_The data:_
-=-=-

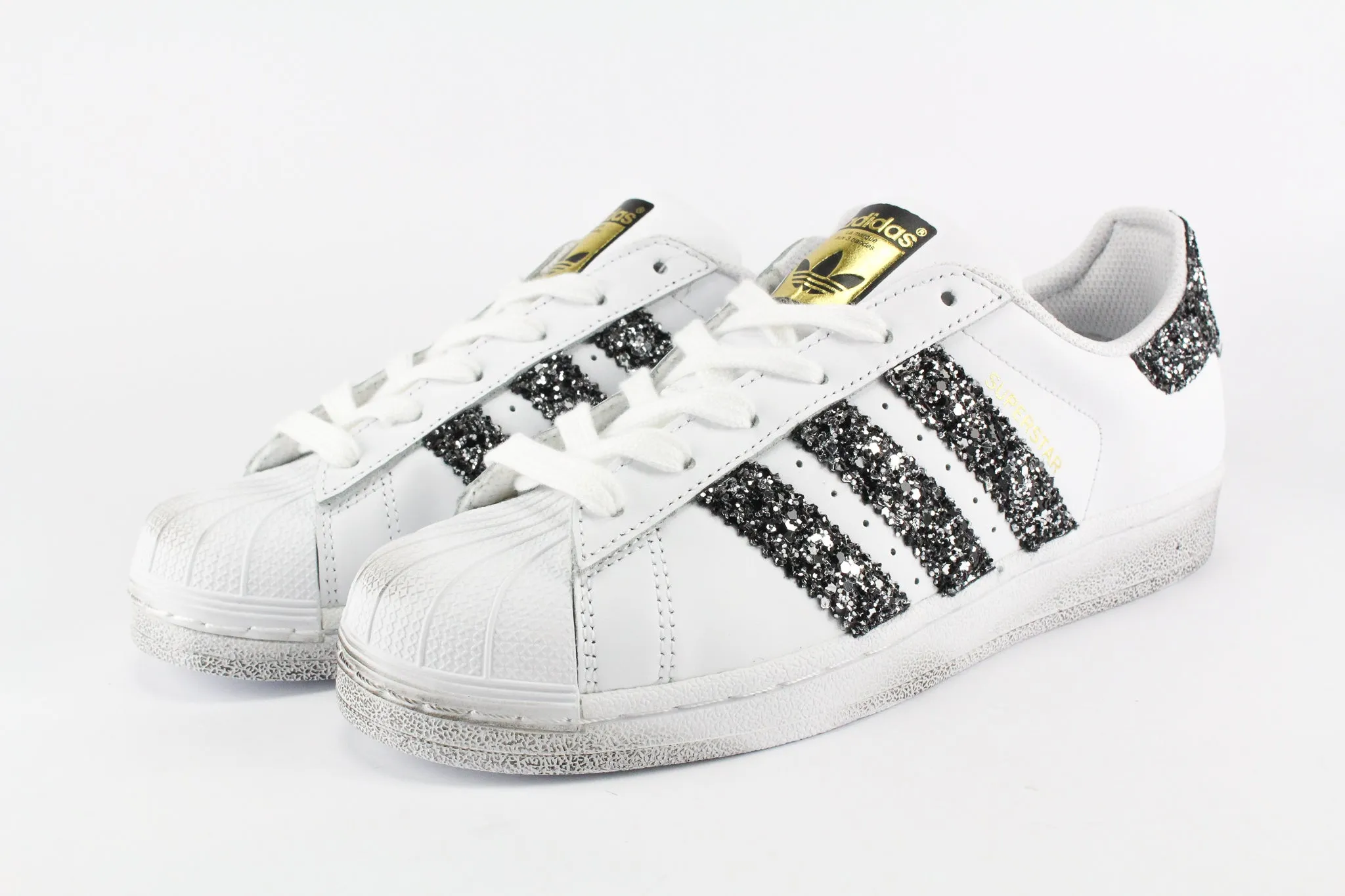 Ventilated Side Ease Motion Adidas Superstar Black Silver Glitter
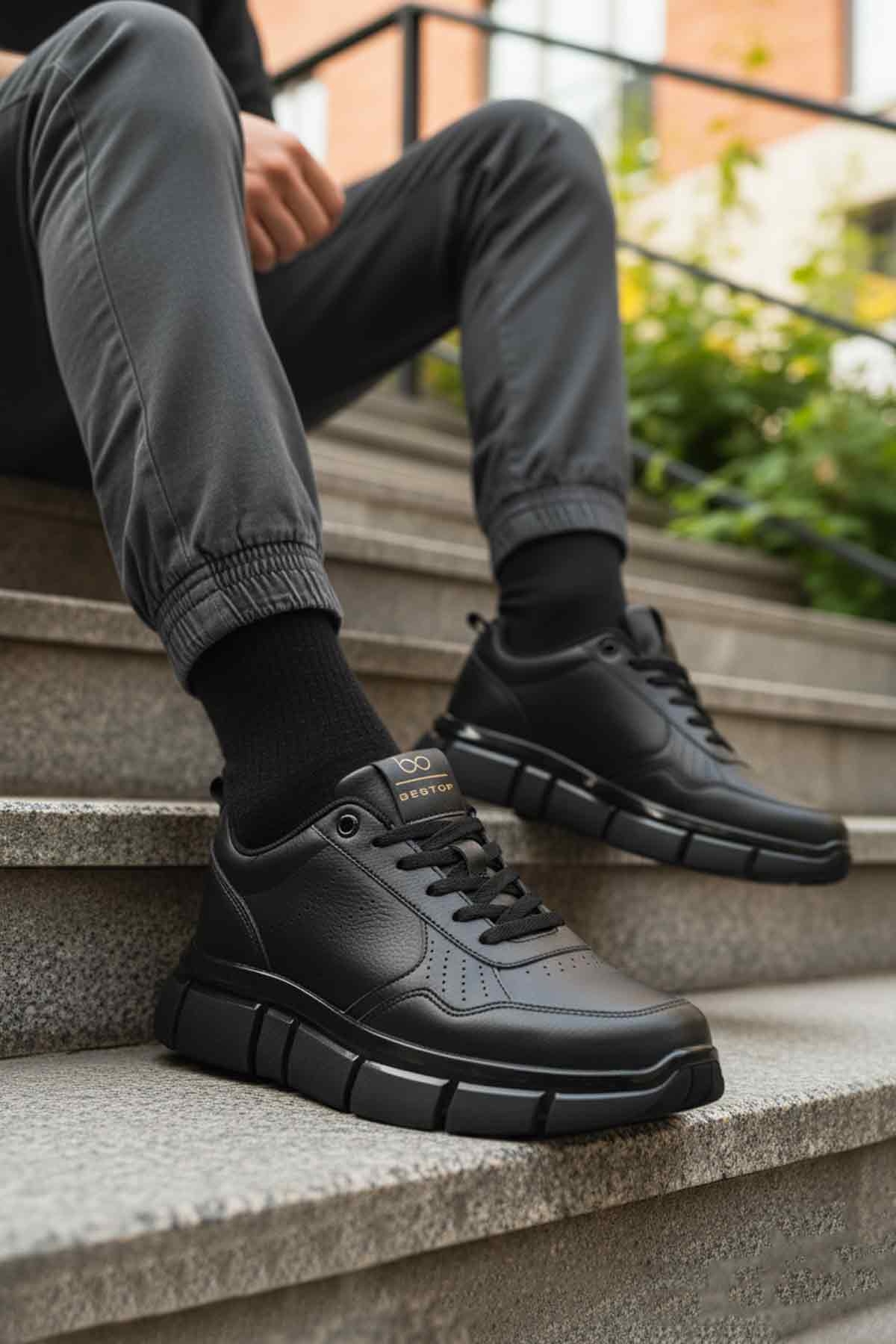 Siyah Bağcıklı Erkek Sneaker - Görsel 3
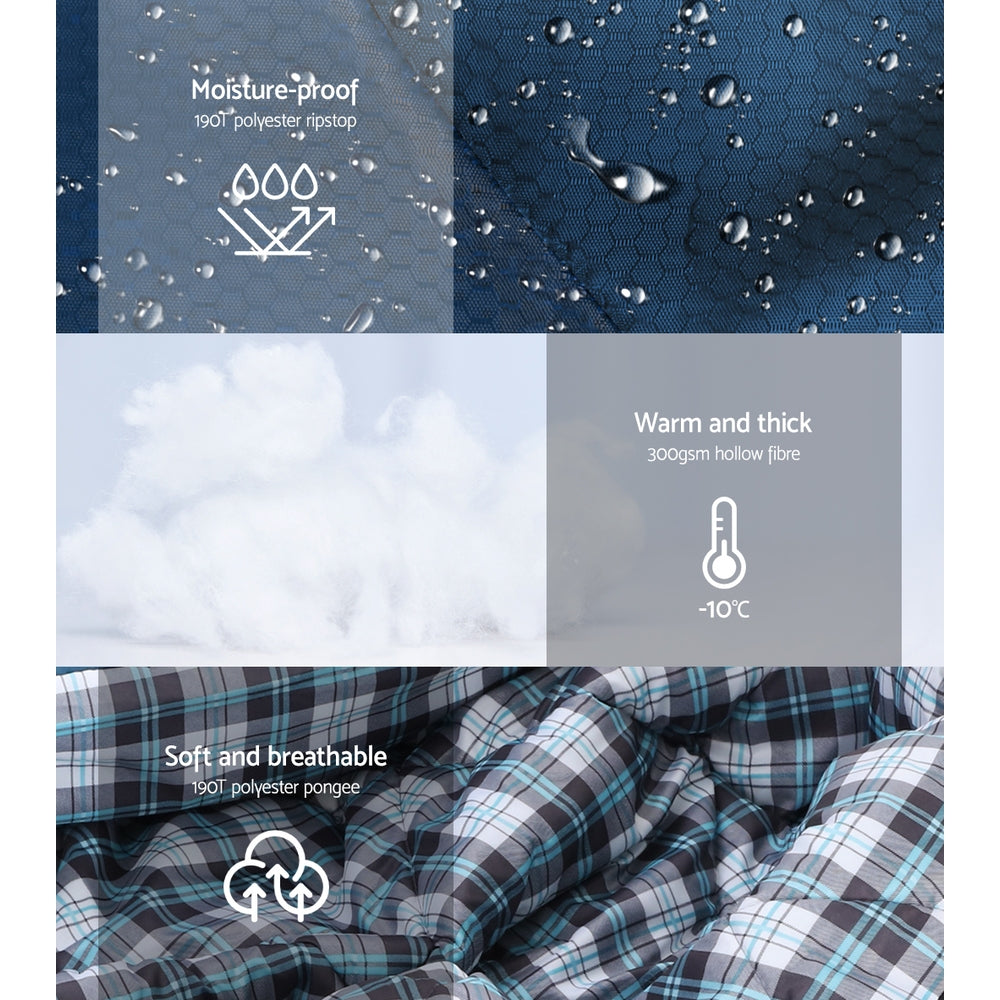 Weisshorn Double Sleeping Bag -10°C, 220cm x 150cm, Waterproof, 2 Pillows Included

-=-=-

Would you please retype the material above exactly and leave out each picture?

_Solved exercise:_
 Ventilated Side Ease Motion Adidas Superstar Black Silver Glitter
 Siyah Bağcıklı Erkek Sneaker - Görsel 3
 Weisshorn Double Sleeping Bag -10°C, 220cm x 150cm, Waterproof, 2 Pillows Included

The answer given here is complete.